Charlottesville civil liberties lawyer assesses 2012-13 Supreme Court term
June 29, 2013 11:10 PM MST
After 40 years of practicing law, Rutherford Institute founder John Whitehead says he is “creeped out” by the decline in respect for civil liberties in the United States.
Whitehead, author of the new book, A Government of Wolves: The Emerging American Police State (released June 25 by SelectBooks), spoke to the Charlottesville Libertarian Examiner at the Barracks Road Barnes & Noble just before delivering a talk about his fears of increasing authoritarianism in the United States.
A longtime civil-liberties attorney who once represented Paula Jones in her lawsuit against President Bill Clinton, Whitehead offered his assessment of the U.S. Supreme Court term that ended on June 26 with a pair of rulings about gay marriage.
“One of the worst” terms ever, he said sharply.
This year, he said, the Supreme Court “basically upheld policemen taking you into custody and not giving you your Miranda warnings.” The Court also, he explained, eroded the Fifth Amendment privilege against self-incrimination because “now by being silent it's evidence of guilt.”
The Court, he added “approved the strip searching of anybody.
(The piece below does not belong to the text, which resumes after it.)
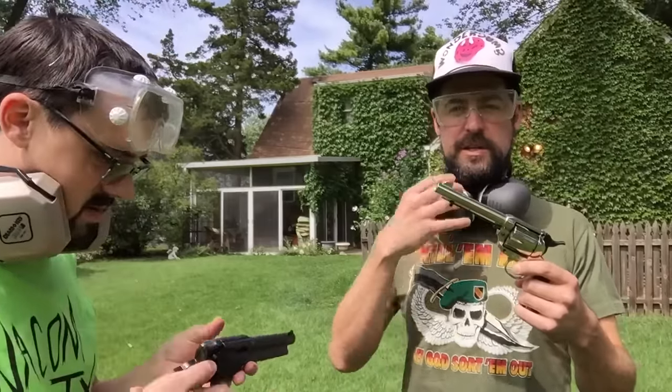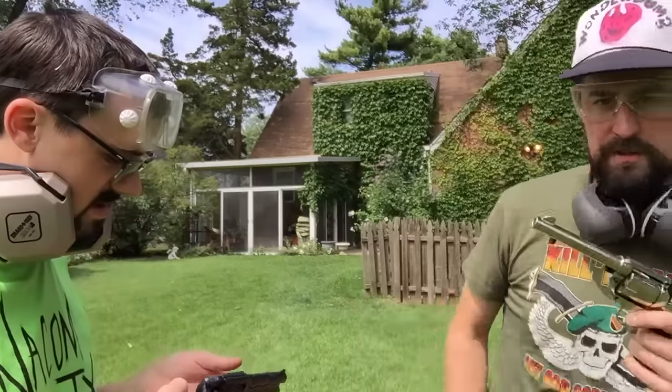So you want to have hearing protection, you want to have safety glasses. Once we start firing these puppies, we'll have it all on. Jeans and cowboy boots — chaps if you have them. Take a lot of safety precautions: gloves, leather gloves.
If you're arrested now you can be strip searched by police for minor offenses like running a stop sign.”
'Statist Supreme Court'
“What I'm seeing is a very statist Supreme Court,” Whitehead explained.
“Some people say it's a right-wing Supreme Court. Well, I'm not sure it's right-wing. I put it more in the statist camp.”
He said the voting rights decision (in Shelby County v. Holder) was made “as if racism's no longer in America. Well, what I'm seeing in America is, there is a lot of racism.”
He gave the example of how “90 percent of the people who are arrested for marijuana offenses in New York City are either African-American or Hispanic but all evidence shows that whites smoke marijuana at a much higher rate than people with brown skin.”
Justices of the Supreme Court, Whitehead cautioned, are “living in an ivory tower.”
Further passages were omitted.